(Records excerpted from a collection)

........

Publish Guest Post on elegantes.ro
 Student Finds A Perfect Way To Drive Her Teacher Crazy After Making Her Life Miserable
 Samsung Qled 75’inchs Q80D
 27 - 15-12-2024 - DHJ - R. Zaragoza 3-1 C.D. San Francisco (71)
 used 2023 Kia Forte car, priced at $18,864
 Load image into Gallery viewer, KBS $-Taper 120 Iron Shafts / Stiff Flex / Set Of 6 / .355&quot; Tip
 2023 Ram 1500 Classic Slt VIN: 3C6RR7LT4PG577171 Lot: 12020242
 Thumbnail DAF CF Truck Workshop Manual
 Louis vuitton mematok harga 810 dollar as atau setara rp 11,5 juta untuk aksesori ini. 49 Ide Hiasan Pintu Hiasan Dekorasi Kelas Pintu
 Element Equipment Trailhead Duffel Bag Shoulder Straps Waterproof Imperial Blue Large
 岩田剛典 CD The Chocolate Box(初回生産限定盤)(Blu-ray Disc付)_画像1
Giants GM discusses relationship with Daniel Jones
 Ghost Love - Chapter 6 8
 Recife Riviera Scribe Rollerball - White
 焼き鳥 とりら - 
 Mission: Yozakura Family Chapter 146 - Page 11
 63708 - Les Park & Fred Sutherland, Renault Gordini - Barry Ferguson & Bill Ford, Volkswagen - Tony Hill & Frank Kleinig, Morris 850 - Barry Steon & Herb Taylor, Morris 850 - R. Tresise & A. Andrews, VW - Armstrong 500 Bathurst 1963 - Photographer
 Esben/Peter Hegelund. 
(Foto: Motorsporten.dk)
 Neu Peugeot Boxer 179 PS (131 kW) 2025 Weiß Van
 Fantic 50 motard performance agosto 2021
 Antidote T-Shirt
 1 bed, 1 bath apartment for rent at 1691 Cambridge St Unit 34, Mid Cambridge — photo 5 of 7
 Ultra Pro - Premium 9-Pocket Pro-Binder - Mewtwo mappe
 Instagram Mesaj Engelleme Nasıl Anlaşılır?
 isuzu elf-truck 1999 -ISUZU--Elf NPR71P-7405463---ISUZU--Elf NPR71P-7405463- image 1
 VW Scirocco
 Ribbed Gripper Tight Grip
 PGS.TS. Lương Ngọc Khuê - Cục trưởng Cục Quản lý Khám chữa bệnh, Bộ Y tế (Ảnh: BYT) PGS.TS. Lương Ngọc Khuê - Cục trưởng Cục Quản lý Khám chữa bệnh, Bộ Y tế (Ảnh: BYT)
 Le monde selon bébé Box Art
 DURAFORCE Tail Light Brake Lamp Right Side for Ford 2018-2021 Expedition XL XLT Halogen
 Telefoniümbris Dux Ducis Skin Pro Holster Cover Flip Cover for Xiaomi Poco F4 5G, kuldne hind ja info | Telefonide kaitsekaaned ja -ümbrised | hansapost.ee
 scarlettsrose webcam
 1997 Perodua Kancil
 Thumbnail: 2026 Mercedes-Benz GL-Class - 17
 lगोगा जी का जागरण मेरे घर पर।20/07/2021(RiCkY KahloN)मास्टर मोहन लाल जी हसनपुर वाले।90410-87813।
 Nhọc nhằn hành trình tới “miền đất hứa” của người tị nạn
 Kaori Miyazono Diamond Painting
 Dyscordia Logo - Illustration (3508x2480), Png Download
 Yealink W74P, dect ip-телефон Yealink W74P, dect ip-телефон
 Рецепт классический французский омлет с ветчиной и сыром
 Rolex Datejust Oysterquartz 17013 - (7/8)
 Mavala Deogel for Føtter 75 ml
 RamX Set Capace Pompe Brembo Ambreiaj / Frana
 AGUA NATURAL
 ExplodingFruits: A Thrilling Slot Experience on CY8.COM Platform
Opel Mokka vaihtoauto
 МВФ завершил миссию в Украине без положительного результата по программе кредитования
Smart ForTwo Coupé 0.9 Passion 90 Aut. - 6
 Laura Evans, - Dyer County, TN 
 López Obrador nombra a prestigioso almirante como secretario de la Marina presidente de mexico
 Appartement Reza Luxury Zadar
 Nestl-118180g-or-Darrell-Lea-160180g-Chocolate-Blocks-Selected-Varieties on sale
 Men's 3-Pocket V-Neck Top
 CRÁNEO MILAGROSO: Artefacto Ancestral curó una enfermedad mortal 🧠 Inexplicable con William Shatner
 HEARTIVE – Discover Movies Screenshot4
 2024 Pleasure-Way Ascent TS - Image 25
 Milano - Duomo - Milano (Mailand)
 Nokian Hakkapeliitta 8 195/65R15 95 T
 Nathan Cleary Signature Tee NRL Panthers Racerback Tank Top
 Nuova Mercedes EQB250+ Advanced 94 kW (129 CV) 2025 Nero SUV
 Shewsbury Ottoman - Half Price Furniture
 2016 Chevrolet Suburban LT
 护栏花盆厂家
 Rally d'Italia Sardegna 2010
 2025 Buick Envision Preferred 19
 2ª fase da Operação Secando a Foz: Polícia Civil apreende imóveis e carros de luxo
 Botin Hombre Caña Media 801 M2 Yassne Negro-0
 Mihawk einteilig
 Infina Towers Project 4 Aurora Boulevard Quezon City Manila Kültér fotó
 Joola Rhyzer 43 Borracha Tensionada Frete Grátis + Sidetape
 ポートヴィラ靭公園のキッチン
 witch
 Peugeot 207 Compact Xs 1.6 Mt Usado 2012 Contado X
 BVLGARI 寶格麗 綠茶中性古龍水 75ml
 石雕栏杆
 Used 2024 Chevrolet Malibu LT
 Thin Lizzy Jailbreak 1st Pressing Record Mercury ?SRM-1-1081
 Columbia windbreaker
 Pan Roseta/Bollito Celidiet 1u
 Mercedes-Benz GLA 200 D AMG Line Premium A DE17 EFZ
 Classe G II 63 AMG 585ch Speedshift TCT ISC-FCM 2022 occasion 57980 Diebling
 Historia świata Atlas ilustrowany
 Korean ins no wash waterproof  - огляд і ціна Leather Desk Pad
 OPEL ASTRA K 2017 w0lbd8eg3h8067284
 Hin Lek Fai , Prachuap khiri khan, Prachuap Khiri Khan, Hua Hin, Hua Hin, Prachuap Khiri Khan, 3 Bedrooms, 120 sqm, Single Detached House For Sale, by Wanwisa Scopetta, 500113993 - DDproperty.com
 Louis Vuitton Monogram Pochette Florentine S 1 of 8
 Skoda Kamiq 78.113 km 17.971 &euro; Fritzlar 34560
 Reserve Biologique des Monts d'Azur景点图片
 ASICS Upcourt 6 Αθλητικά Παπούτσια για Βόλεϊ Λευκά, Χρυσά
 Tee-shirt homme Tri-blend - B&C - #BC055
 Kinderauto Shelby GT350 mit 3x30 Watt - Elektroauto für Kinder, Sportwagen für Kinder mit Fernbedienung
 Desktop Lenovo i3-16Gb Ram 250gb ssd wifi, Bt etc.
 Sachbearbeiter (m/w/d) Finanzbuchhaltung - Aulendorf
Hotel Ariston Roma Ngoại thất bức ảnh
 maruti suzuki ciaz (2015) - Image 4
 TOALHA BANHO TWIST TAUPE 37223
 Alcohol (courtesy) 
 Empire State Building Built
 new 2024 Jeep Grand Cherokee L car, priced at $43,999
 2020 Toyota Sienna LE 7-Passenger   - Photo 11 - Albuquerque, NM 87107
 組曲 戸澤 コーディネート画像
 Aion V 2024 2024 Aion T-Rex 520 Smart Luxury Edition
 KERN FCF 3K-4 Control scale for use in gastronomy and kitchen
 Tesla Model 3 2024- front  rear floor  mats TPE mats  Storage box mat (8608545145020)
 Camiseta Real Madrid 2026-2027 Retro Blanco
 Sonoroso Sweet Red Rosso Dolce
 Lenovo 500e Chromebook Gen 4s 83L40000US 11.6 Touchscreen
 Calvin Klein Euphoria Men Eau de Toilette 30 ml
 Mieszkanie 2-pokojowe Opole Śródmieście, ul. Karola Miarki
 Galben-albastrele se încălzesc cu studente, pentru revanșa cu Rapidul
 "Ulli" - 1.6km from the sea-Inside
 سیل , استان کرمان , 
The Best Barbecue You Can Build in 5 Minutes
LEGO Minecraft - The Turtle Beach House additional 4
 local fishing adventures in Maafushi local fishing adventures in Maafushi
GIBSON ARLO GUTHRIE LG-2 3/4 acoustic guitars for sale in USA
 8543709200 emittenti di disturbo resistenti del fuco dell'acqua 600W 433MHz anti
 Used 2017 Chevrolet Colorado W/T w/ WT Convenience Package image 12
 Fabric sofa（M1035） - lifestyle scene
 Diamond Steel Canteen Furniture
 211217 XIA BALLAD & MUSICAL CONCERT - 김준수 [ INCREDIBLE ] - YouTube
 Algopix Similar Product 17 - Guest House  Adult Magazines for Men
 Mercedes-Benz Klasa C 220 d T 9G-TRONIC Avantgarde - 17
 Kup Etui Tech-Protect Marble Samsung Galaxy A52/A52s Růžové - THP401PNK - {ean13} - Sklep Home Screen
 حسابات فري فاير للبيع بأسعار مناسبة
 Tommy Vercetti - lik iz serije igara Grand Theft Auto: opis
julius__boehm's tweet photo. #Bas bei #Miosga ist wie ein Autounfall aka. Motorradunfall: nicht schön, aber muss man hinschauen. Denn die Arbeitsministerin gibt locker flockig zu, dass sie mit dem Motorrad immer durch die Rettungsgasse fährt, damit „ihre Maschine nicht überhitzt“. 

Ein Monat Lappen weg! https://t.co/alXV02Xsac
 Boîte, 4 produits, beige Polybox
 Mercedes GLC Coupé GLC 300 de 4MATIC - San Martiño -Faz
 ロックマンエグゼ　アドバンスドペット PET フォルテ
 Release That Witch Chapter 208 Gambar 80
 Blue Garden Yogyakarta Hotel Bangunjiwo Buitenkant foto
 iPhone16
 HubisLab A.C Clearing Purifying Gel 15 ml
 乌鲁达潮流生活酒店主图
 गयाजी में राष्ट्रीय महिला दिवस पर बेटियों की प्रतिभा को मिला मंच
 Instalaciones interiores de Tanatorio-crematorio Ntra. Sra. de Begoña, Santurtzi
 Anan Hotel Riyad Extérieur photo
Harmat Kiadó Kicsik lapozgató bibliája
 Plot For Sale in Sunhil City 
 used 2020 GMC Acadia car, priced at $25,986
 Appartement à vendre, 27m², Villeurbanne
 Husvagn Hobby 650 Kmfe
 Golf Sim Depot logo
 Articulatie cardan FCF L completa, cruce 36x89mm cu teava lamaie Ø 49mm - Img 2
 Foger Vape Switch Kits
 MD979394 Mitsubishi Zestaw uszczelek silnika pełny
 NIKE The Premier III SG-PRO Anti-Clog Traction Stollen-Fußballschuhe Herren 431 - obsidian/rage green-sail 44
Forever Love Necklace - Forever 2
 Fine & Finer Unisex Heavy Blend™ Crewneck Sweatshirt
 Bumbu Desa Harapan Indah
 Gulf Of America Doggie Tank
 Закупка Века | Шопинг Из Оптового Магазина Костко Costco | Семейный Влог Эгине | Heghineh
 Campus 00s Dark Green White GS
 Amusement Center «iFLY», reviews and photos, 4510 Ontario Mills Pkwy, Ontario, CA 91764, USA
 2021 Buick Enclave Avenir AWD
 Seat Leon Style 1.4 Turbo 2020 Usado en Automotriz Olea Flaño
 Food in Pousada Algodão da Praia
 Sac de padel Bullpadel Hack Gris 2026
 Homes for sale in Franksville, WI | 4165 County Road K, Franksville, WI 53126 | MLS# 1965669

........

§ WHAT THE EXERCISE ASKS: Would you copy, unchanged, the stretch of the records above that begins at the line containing "maruti suzuki ciaz (2015) - Image 4" and ends at the line containing "8543709200 emittenti di", and only that?

§ ANSWER BELOW:
 maruti suzuki ciaz (2015) - Image 4
 TOALHA BANHO TWIST TAUPE 37223
 Alcohol (courtesy) 
 Empire State Building Built
 new 2024 Jeep Grand Cherokee L car, priced at $43,999
 2020 Toyota Sienna LE 7-Passenger   - Photo 11 - Albuquerque, NM 87107
 組曲 戸澤 コーディネート画像
 Aion V 2024 2024 Aion T-Rex 520 Smart Luxury Edition
 KERN FCF 3K-4 Control scale for use in gastronomy and kitchen
 Tesla Model 3 2024- front  rear floor  mats TPE mats  Storage box mat (8608545145020)
 Camiseta Real Madrid 2026-2027 Retro Blanco
 Sonoroso Sweet Red Rosso Dolce
 Lenovo 500e Chromebook Gen 4s 83L40000US 11.6 Touchscreen
 Calvin Klein Euphoria Men Eau de Toilette 30 ml
 Mieszkanie 2-pokojowe Opole Śródmieście, ul. Karola Miarki
 Galben-albastrele se încălzesc cu studente, pentru revanșa cu Rapidul
 "Ulli" - 1.6km from the sea-Inside
 سیل , استان کرمان , 
The Best Barbecue You Can Build in 5 Minutes
LEGO Minecraft - The Turtle Beach House additional 4
 local fishing adventures in Maafushi local fishing adventures in Maafushi
GIBSON ARLO GUTHRIE LG-2 3/4 acoustic guitars for sale in USA
 8543709200 emittenti di disturbo resistenti del fuco dell'acqua 600W 433MHz anti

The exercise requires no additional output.